Supplied data:
+ + +

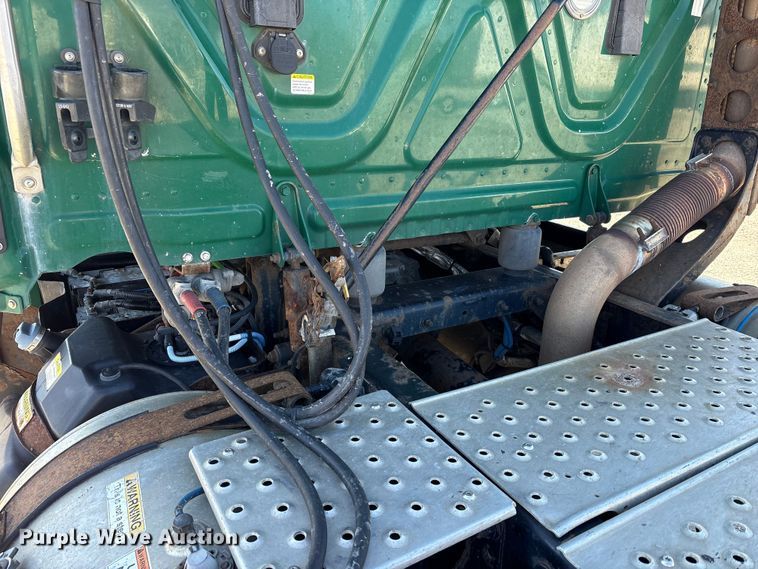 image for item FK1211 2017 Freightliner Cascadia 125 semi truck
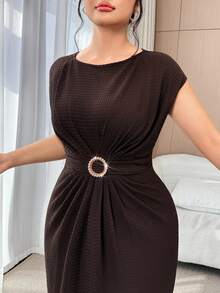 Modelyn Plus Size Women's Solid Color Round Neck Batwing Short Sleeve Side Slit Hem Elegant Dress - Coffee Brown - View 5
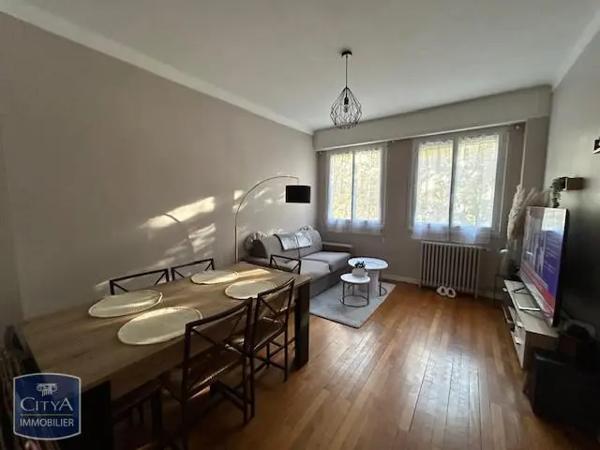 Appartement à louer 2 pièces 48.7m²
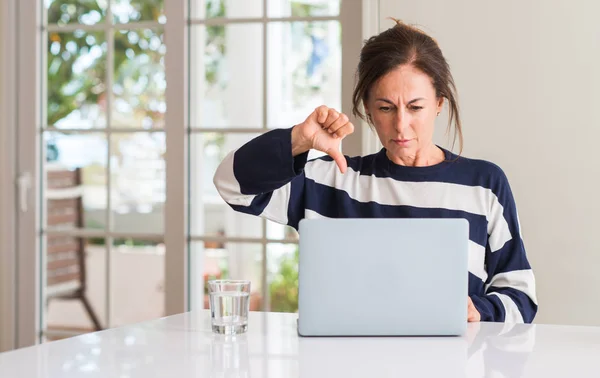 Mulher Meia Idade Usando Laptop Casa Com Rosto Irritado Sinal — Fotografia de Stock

+ + +

Exercise objective:
From the first line to the last, repeat the material exactly, but drop the pictures.

Solved problem:
 image for item FK1211 2017 Freightliner Cascadia 125 semi truck
 Modelyn Plus Size Women's Solid Color Round Neck Batwing Short Sleeve Side Slit Hem Elegant Dress - Coffee Brown - View 5
 Appartement à louer 2 pièces 48.7m²
 Mulher Meia Idade Usando Laptop Casa Com Rosto Irritado Sinal — Fotografia de Stock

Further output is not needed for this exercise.